**WORK ORDER**
The expected answer is the data below, printed verbatim without its pictures.

**DATASET EXTRACT**
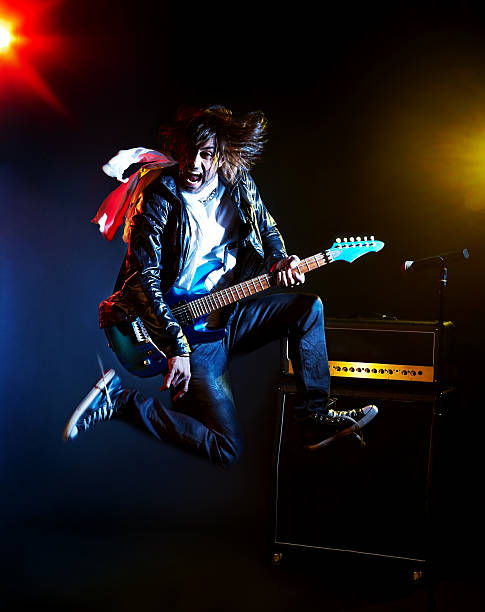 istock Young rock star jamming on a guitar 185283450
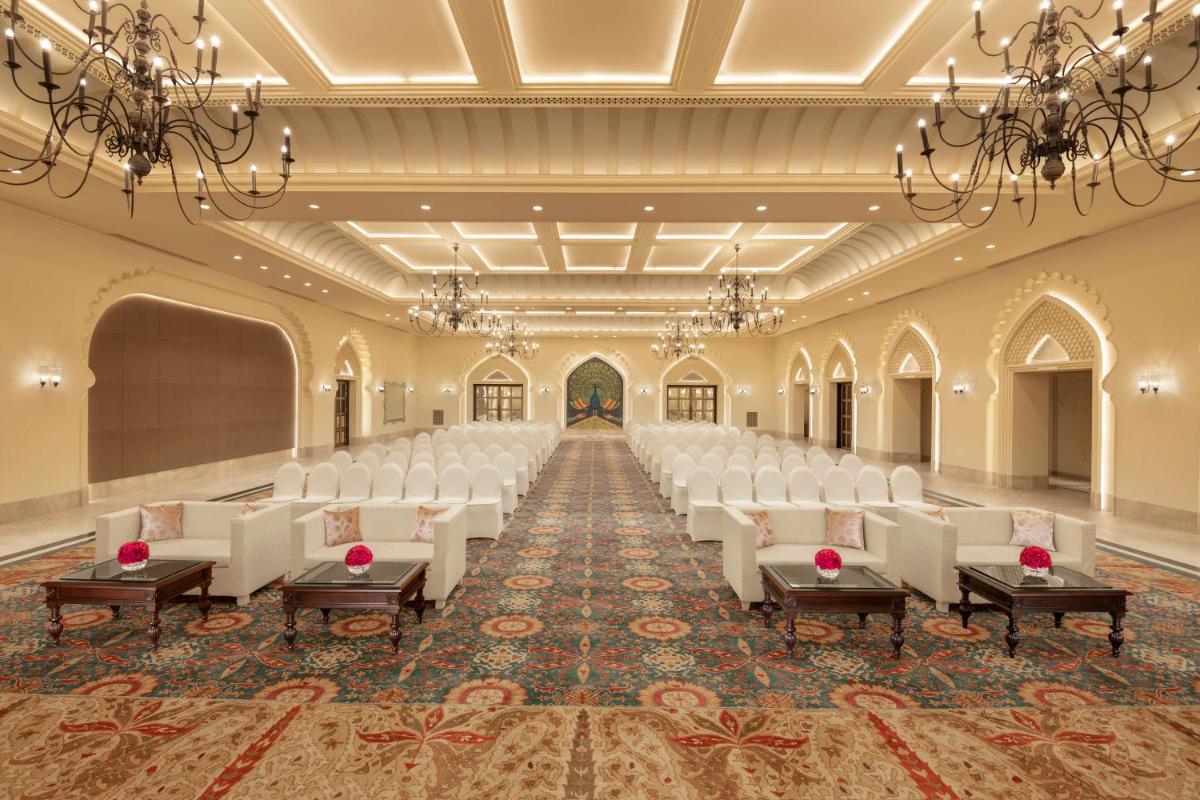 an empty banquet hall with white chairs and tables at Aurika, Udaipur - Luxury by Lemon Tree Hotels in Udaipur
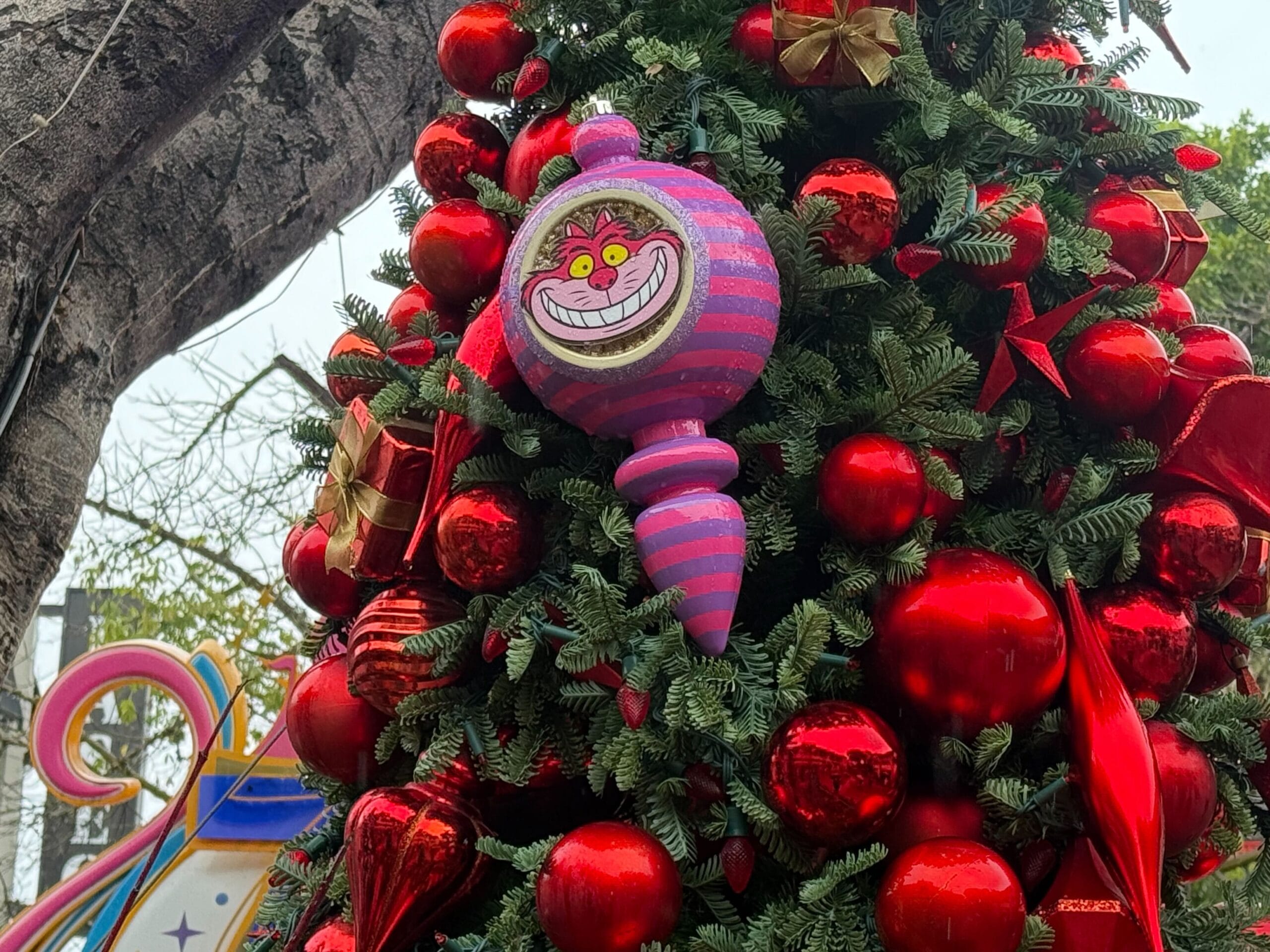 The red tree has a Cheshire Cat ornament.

**ANSWER BOX**
 istock Young rock star jamming on a guitar 185283450
 an empty banquet hall with white chairs and tables at Aurika, Udaipur - Luxury by Lemon Tree Hotels in Udaipur
 The red tree has a Cheshire Cat ornament.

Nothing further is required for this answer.